Cette logique oblige à repenser les modèles occidentaux. En France, un officier du Commandement du combat futur (CCF) le reconnaît : “Les plans industriels à cinq ou dix ans où on prévoit d’équiper tout le monde avec le même matériel ne fonctionneront plus.” La guerre industrielle est revenue, mais sous une forme nouvelle : modulaire, adaptative, semi artisanale parfois, mais rapide, vivante, évolutive. Les délais d’industrialisation doivent être compressés, les cycles de certification raccourcis. L’armée ukrainienne certifie un drone en un mois. Chaque semaine, de nouveaux modèles sont testés, améliorés, déployés.

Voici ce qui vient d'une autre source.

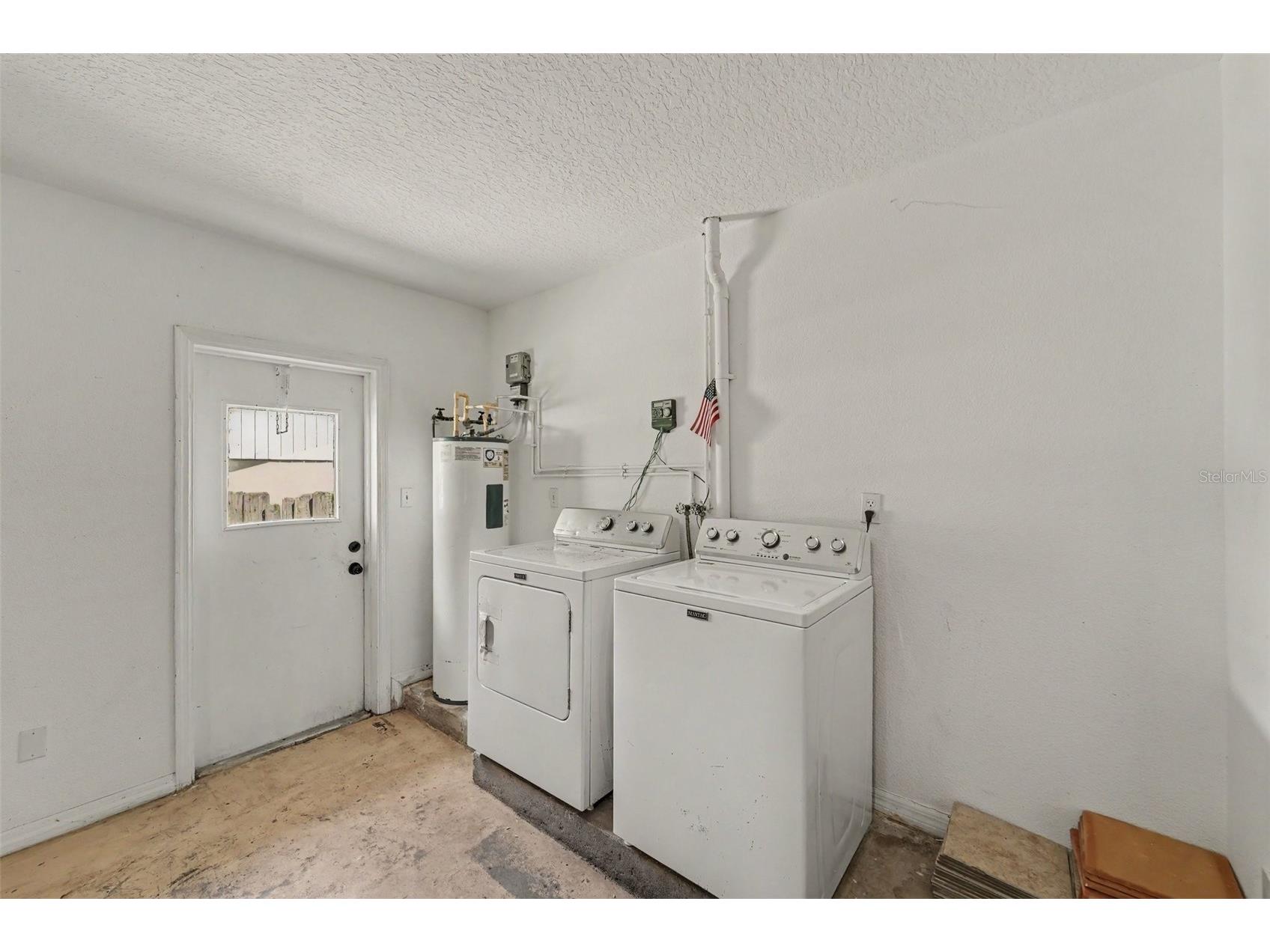 930 Oak Forest Drive Winter Springs FL 32708 O6423576 image24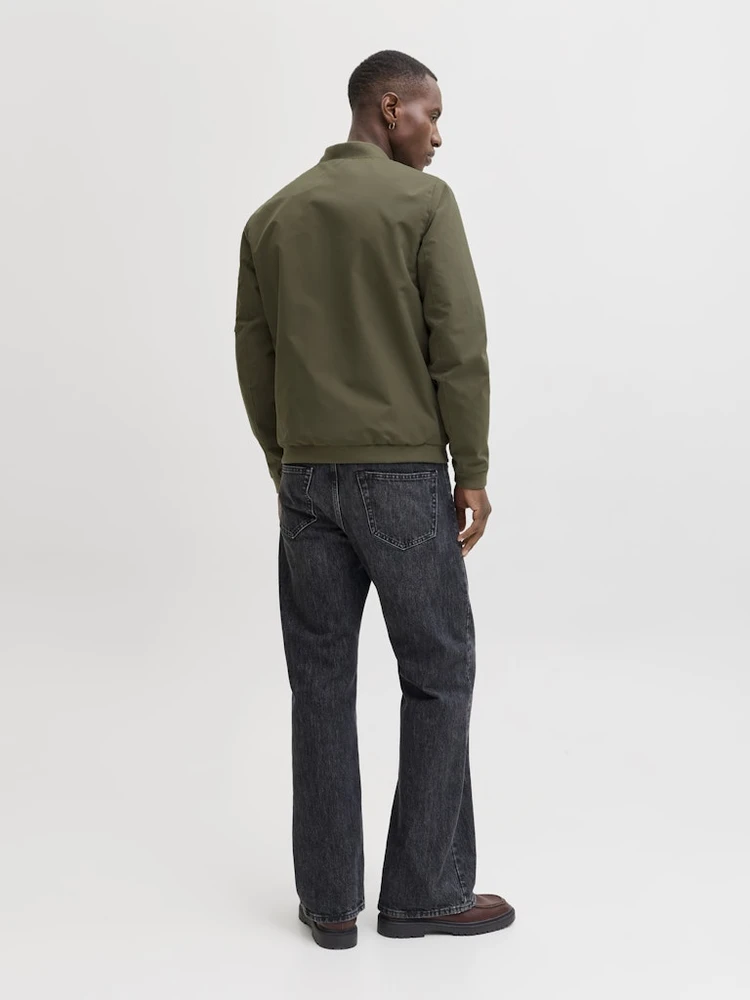 Tarpsezonis Jack &amp;amp; Jones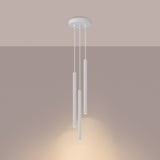 ARCHE 3P Pendelleuchte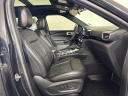 Thumbnail image of 2023 Ford Explorer at Kalispell Ford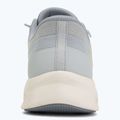 Damenschuhe SKECHERS Glide-Step Gratify Everyday Bliss gray 6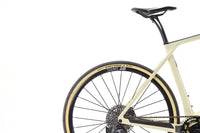Canyon Grail:ON CF 7 Sram Rival eTap AXS Electric Gravel Bike 2023, Size Large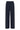 SueSZ Pants Night Sky - 193924 - 30515305
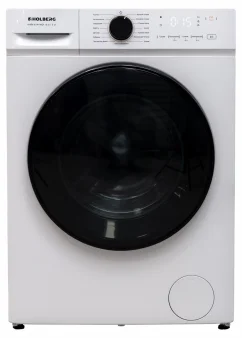 HWM 8141WDI_1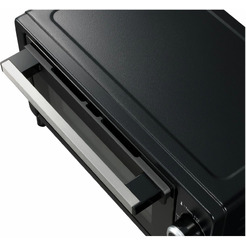 Мини-печь Panasonic NT-H900KTQ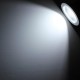 12W COB LED Ceiling Down Light Silver Shell Belt Drive 85-265V 12W COB LED Ceiling Down Light Silver Shell Belt Drive 85-265V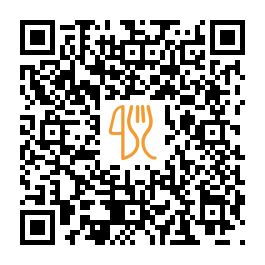 QR-code link către meniul A J Seafood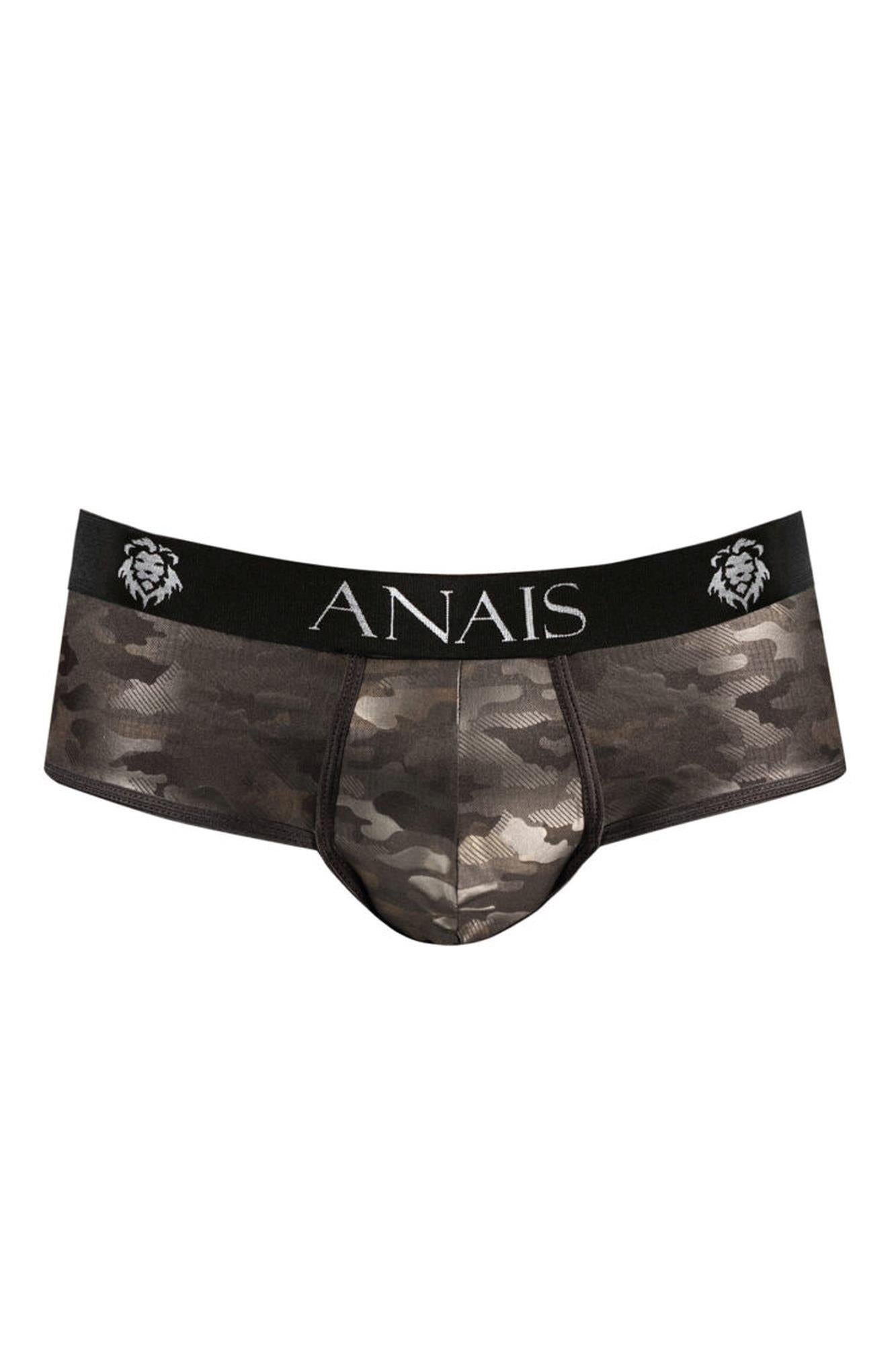 4-ELECTRO JOCK BIKINI XXL-4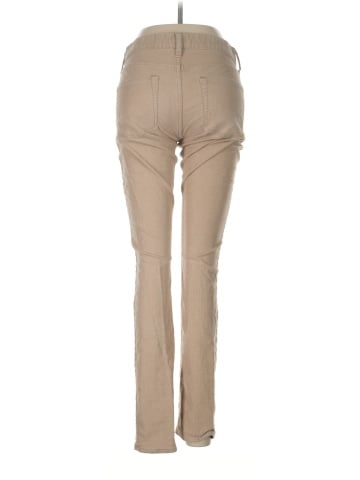 J.Crew Khakis (view 2)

Low cost, agile, jetable : le nouvel âge des drones
L’industrie de défense ukrainienne s’est révélée d’une efficacité redoutable : plus de 500 entreprises, 240 projets certifiés, des drones testés en situation réelle puis immédiatement modifiés. Dans ce laboratoire de guerre, le front devient atelier. Le champ de bataille dicte la R&D. L’opérateur devient ingénieur, le tacticien devient designer. On assemble sur place, on adapte selon l’ennemi, on bidouille, on optimise, on dérègle les schémas classiques de production. C’est le triomphe de la doctrine field-to-factory-to-front.

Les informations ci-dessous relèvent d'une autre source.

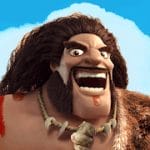 Brutal Age Horde Invasion 1.5.10 APK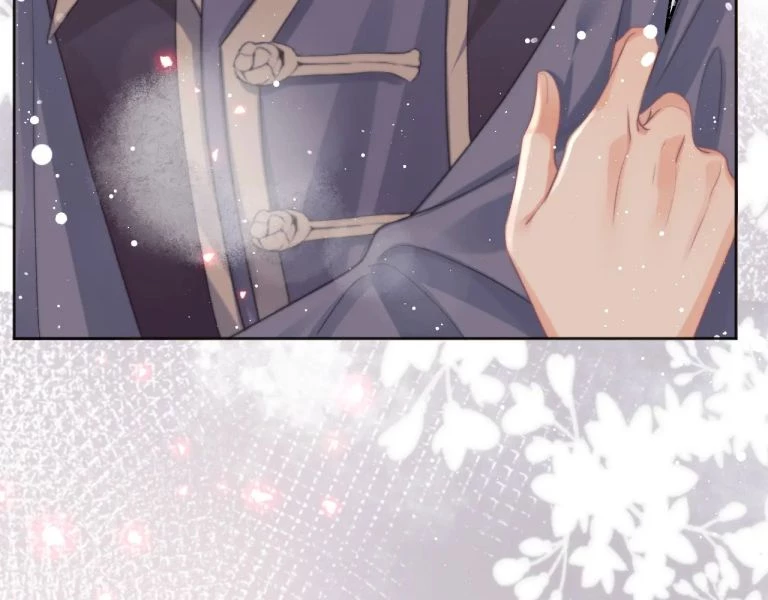 Sư Tôn Mỹ Nhân Bệnh Độc Chiếm Chapter 35 - 17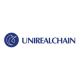 CÔNG TY CỒ PHẦN CÔNG NGHỆ UNIREALCHAIN VIỆT NAM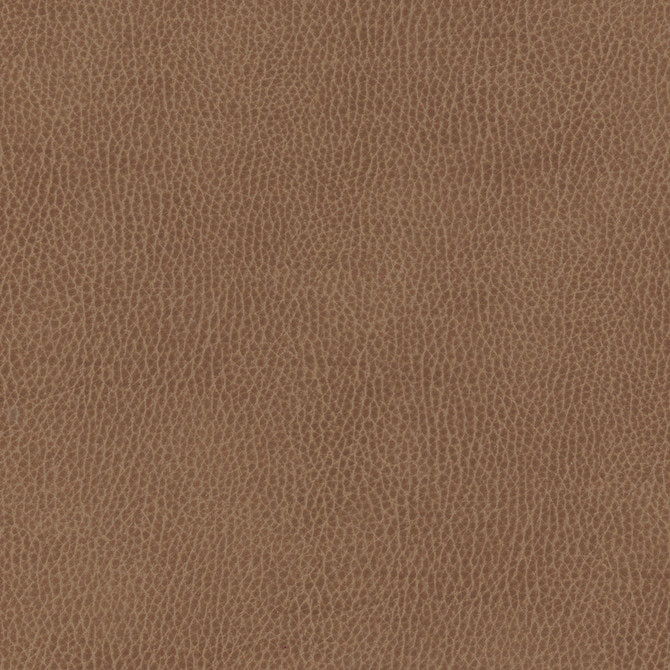 Maxwell Fabric Top Grain-Nj # 841 Clydesdale Memos Only-Coated Fabrics FACE: 100% SILICONE
BACKING: 100% POLYESTER KOREA 54" - My Fabric Connection -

Face à cela, les chaînes logistiques occidentales, conçues pour la paix, peinent à suivre. Le soutien logistique militaire reste lourd, lent, normé. En 2024, 150 trains militaires français ont été acheminés à travers l’Europe, mais les infrastructures, les ponts, les autorisations, les goulets réglementaires restent des freins. Or la guerre rapide exige des flux continus, agiles, résilients. Le défi est stratégique : peut-on soutenir une guerre de haute intensité avec une logistique calibrée pour des programmes lourds, quand le terrain impose des flux rapides et continus ? Le dilemme est clair. Soit l’Europe persiste dans un modèle de qualité, de perfection, de haute technologie maîtrisée mais lente. Soit elle accepte de bifurquer vers un modèle hybride : maintenir l’excellence tout en intégrant la vitesse, l’agilité, l’adaptabilité. Produire des systèmes simples, efficaces, remplaçables, combinés à des architectures logicielles évolutives, comme le font les Ukrainiens. La Russie l’a compris : ses drones sont moins performants, mais suffisamment nombreux et diversifiés pour saturer les défenses adverses. Le rapport coût-efficacité joue en sa faveur.

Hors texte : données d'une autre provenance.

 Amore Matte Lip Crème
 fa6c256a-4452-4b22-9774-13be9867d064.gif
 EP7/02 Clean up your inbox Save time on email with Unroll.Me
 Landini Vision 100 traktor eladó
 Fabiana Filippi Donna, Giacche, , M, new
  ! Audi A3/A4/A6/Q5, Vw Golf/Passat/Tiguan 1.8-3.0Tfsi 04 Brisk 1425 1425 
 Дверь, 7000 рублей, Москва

Car au fond, la guerre des drones impose un retour à une vérité brutale : ce n’est pas le plus sophistiqué qui gagne, mais celui qui frappe, observe et remplace le plus vite. L’observation se fait par essaims de DJI Mavic ou Leleka-100 ; la frappe par FPV low cost ou drones kamikazes ; la coordination via des messageries sécurisées connectées à des cartes numériques comme Kropyva. L’autonomie vient de l’IA embarquée ; la survie, de la capacité à brouiller ou éviter les contre-mesures.
Le théâtre ukrainien est un jeu d’échecs algorithmique joué à 100 à l’heure.